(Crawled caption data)

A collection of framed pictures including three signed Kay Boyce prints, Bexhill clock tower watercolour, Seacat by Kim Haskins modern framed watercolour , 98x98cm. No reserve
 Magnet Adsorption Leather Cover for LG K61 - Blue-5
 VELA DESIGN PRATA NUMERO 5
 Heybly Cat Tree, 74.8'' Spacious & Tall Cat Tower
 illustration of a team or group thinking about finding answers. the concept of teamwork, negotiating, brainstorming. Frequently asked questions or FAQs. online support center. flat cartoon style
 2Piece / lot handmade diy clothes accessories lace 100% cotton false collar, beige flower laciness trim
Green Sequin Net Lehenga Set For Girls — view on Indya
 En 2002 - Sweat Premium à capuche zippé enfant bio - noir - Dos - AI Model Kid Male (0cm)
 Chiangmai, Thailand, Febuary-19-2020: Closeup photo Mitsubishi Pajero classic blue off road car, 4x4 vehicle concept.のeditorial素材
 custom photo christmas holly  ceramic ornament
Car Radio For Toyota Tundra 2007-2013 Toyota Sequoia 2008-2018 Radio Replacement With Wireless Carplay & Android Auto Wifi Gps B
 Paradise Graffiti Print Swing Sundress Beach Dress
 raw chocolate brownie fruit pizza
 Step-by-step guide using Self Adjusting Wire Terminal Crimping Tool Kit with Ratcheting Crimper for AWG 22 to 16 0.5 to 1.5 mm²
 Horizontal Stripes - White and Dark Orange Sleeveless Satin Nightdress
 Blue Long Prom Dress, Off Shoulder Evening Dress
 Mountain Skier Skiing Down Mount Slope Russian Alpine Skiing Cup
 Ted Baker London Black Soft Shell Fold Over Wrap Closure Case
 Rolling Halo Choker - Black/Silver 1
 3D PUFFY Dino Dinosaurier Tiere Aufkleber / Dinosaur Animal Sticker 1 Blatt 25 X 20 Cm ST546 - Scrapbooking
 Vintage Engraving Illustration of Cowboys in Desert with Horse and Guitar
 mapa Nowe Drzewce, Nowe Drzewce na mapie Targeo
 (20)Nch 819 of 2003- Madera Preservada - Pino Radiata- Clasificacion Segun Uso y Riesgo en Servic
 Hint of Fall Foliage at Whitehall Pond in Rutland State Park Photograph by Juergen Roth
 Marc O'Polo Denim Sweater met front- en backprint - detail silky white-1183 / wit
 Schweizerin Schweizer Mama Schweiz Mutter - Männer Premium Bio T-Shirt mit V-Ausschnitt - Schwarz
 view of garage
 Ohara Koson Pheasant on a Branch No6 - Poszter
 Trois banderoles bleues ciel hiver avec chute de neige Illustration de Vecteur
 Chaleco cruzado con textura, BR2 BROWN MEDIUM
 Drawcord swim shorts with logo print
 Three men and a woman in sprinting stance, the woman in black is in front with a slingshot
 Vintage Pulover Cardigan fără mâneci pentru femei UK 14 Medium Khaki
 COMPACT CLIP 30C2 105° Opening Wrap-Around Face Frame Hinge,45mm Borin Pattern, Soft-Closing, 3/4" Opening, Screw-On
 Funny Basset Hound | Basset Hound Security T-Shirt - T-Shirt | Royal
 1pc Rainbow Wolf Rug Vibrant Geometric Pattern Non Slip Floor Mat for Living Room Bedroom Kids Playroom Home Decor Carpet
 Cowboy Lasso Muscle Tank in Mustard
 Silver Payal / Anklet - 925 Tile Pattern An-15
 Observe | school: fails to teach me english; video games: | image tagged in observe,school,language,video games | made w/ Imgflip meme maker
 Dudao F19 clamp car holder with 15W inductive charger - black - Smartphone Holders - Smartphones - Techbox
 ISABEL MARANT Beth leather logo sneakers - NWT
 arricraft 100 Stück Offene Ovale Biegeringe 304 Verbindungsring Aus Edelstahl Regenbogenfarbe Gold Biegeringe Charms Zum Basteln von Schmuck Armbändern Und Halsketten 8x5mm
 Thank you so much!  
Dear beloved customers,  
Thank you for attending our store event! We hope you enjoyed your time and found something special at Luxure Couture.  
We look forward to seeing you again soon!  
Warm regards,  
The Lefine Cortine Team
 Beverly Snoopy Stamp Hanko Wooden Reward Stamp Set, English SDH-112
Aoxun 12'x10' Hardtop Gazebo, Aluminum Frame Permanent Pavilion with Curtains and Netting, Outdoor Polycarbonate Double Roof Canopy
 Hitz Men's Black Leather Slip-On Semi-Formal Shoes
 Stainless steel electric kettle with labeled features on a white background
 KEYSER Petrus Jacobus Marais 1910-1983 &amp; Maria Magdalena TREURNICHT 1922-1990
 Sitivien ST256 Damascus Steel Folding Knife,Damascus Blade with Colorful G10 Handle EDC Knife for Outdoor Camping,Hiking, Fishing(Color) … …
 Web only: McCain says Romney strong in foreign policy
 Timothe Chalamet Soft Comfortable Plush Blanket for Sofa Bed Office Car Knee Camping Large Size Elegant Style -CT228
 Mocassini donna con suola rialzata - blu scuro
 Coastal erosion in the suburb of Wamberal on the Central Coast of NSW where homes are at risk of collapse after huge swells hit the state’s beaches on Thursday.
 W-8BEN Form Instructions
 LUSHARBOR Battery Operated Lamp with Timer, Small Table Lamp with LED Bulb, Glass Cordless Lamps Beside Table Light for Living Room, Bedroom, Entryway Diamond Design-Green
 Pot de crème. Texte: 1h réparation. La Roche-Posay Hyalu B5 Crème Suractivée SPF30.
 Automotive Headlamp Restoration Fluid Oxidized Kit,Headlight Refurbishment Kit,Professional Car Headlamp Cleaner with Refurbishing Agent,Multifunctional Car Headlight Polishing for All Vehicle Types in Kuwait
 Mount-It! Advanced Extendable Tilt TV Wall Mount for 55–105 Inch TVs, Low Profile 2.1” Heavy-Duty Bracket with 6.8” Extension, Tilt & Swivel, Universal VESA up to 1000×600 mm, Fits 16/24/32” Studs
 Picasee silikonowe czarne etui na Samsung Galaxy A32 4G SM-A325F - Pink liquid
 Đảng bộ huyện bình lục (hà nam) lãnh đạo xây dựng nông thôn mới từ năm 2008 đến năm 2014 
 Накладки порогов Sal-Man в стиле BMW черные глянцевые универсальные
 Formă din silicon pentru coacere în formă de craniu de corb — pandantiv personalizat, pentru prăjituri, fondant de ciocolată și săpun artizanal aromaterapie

Exercise goal: Go through the entries above, and wherever a line holds the word "view", copy that line.

Output of the task:
Green Sequin Net Lehenga Set For Girls — view on Indya
 view of garage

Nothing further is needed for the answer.